Exercise: Once you find the line with "Todoroki_666 March 14, 2025" in the listing below, please repeat it and every later line exactly, through the last one, without pictures.

Material to process:
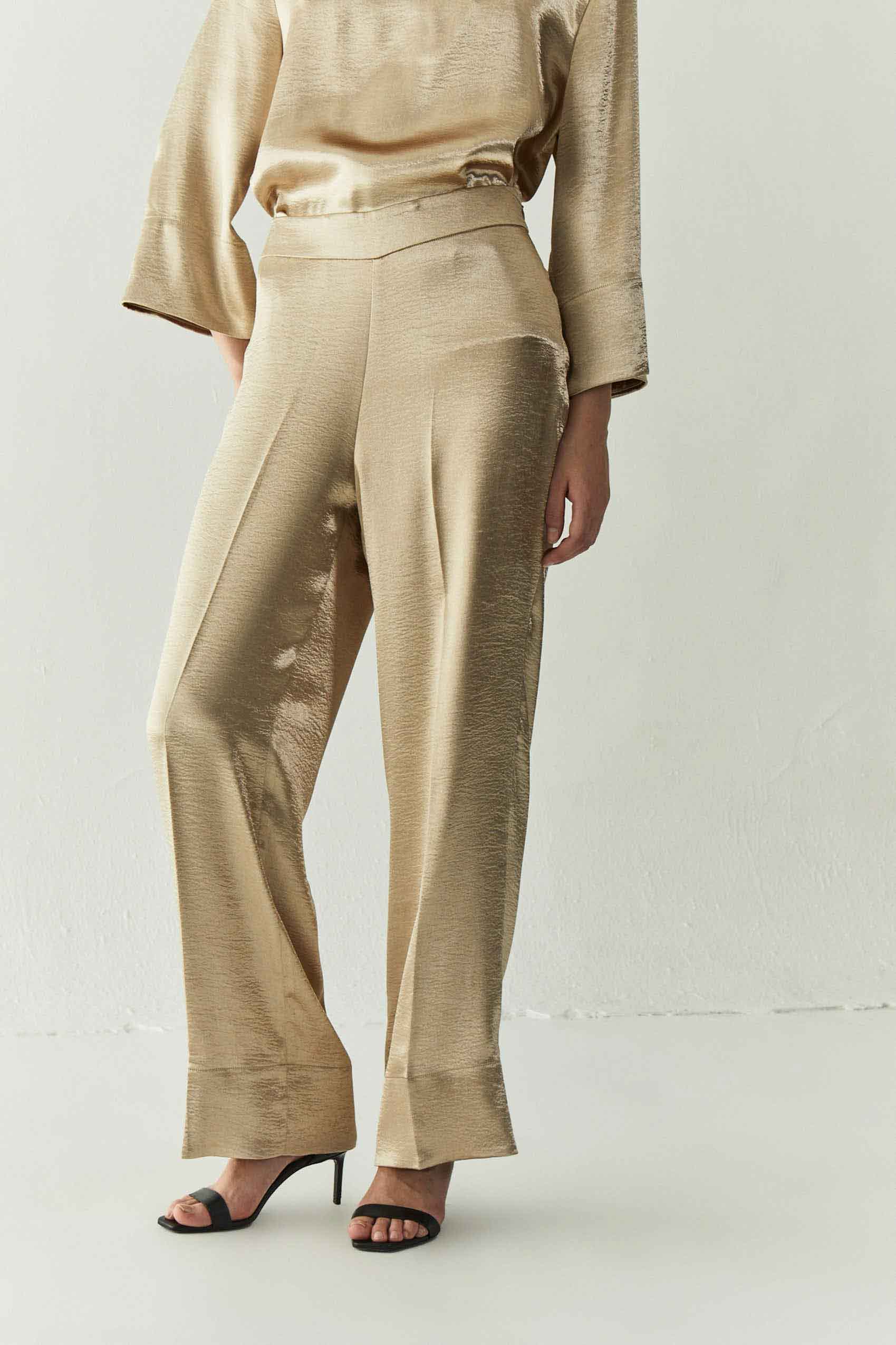 Pantalon Araucan
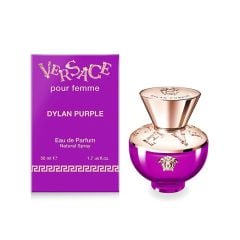 Versace Dylan Purple Edp 50 Ml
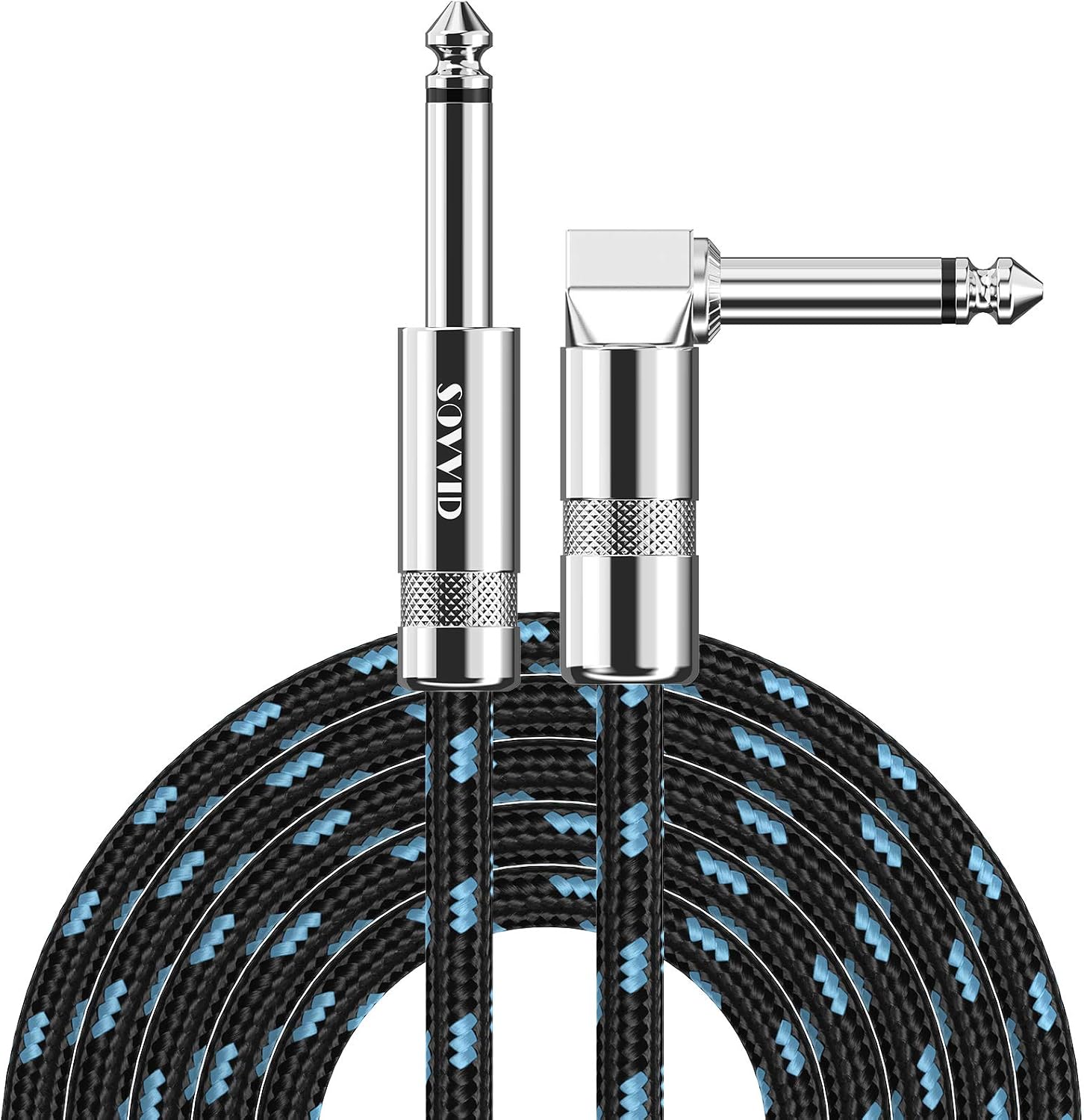 Verdict Final & Synthèse d'Expert : Sovvid Professional Guitar Cable 3M 10FT Brai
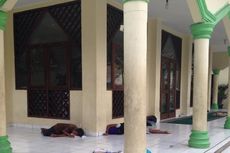 Masjid Akan Dibongkar, Pihak Sekolah Master Berharap Mushala Tak Disentuh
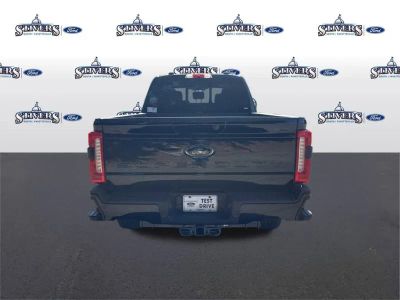2026 Ford F-350SD - Photo 6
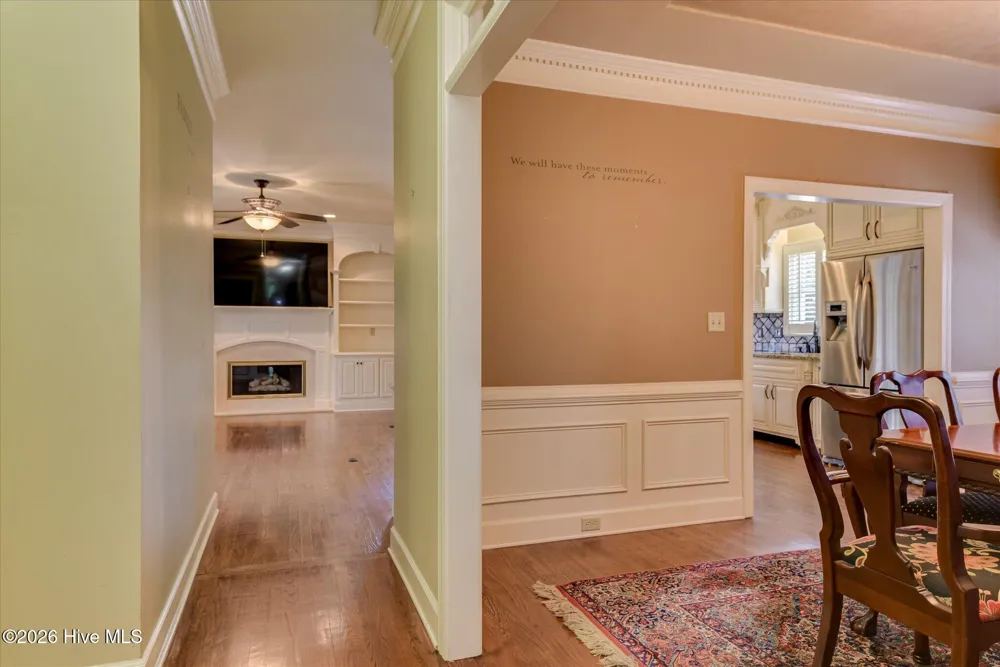 227 Post Oak Lane North Augusta, SC 29841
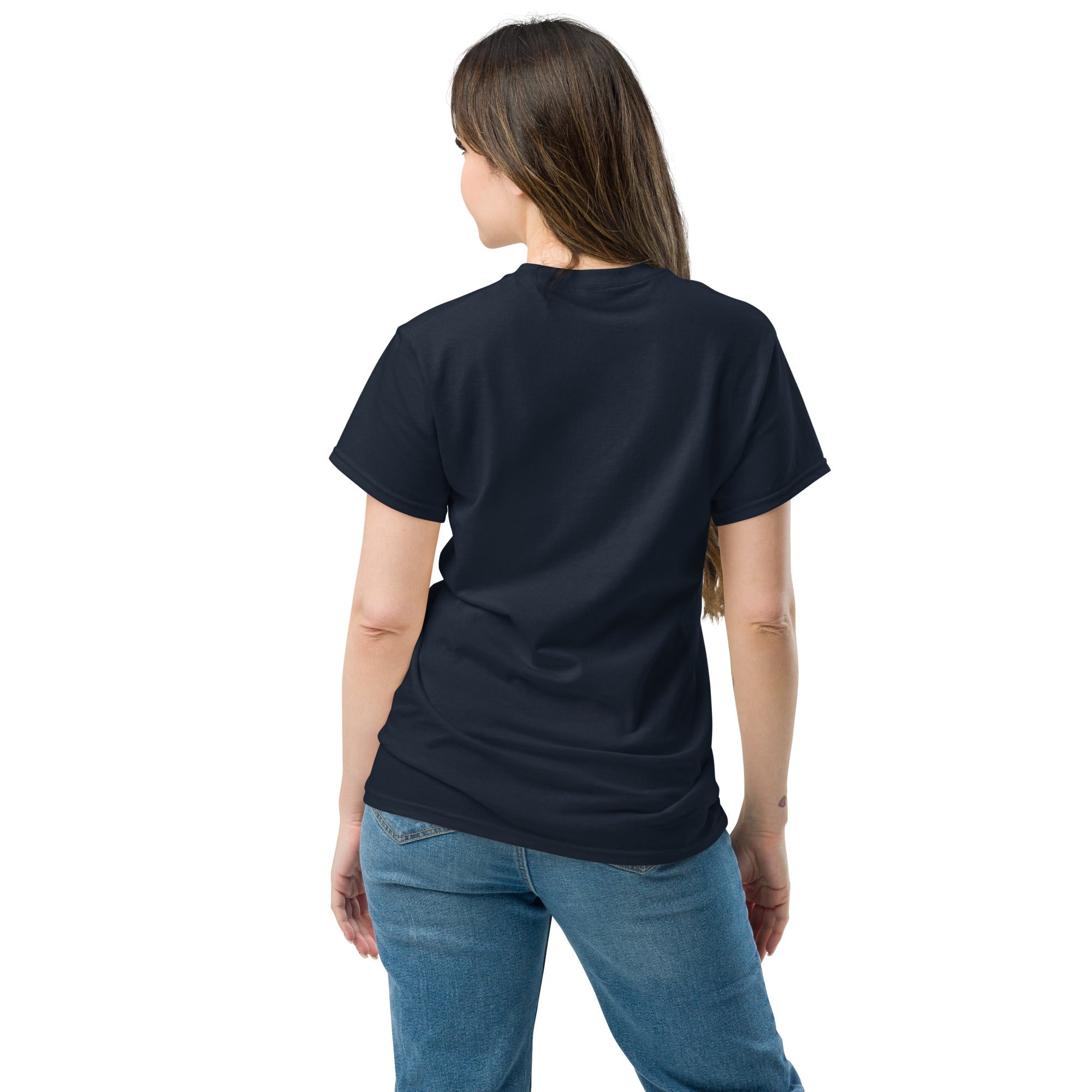 Calm Fantasy T-Shirt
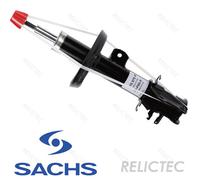 Fits SACHS AMORTYZATORY/SHOCK ABSORBERS 316 979 Shock Absorber UK Stock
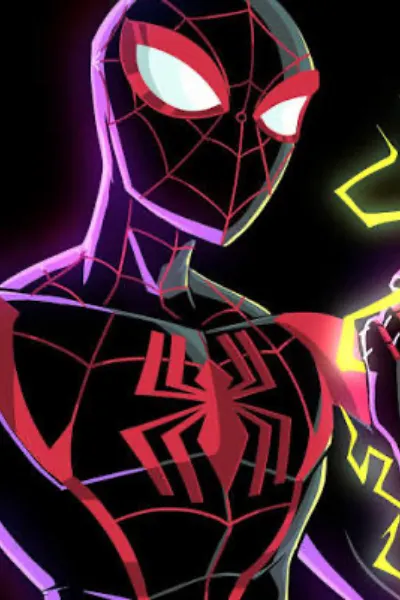 Miles morales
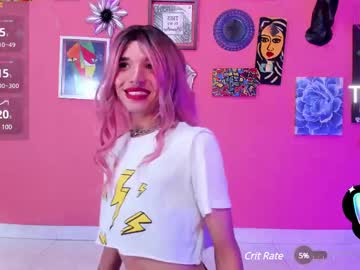 Todoroki_666 March 14, 2025 Chaturbate stream image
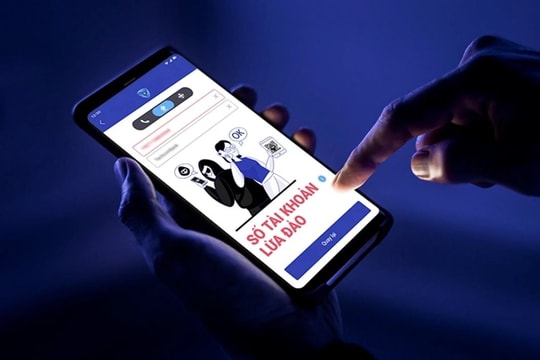 Giả danh shipper lừa đảo chiếm đoạt tài sản trên không gian mạng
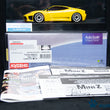 Load image into Gallery viewer, Kyosho Mini-z Body ASC Ferrari 360 GTC MZG310Y
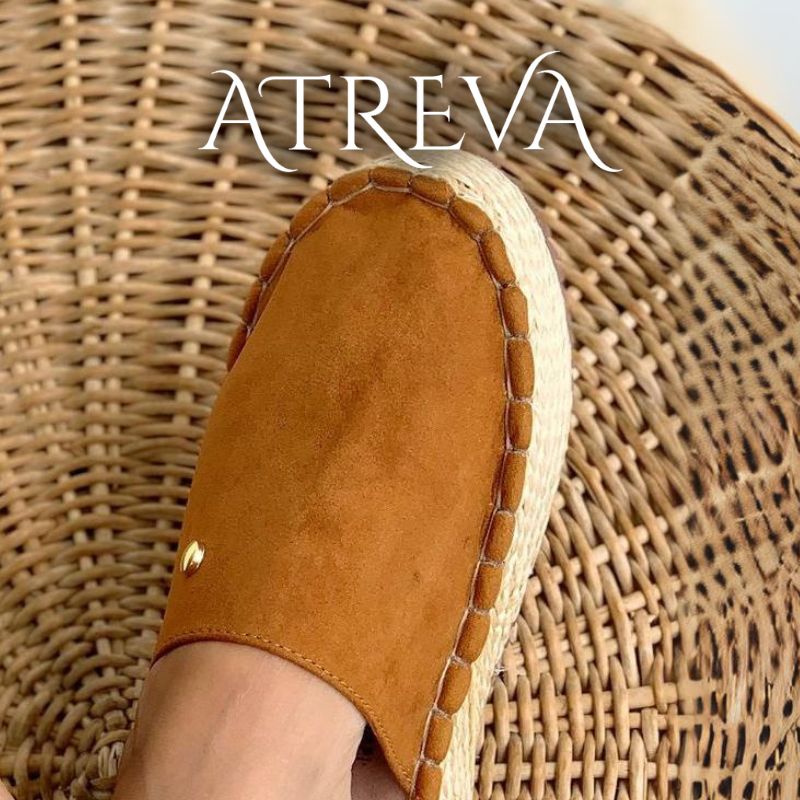 Traditionality ATREVA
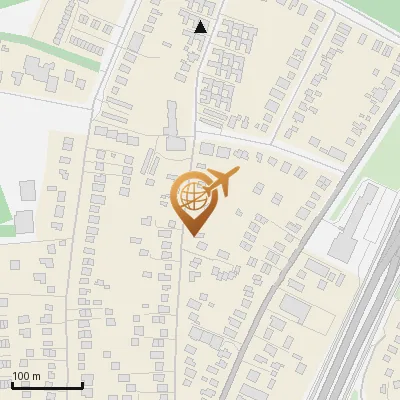 Foto zu Radenwisch 36, 22457 Hamburg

Exercise output:
 Todoroki_666 March 14, 2025 Chaturbate stream image
 Giả danh shipper lừa đảo chiếm đoạt tài sản trên không gian mạng
 Load image into Gallery viewer, Kyosho Mini-z Body ASC Ferrari 360 GTC MZG310Y
 Traditionality ATREVA
 Foto zu Radenwisch 36, 22457 Hamburg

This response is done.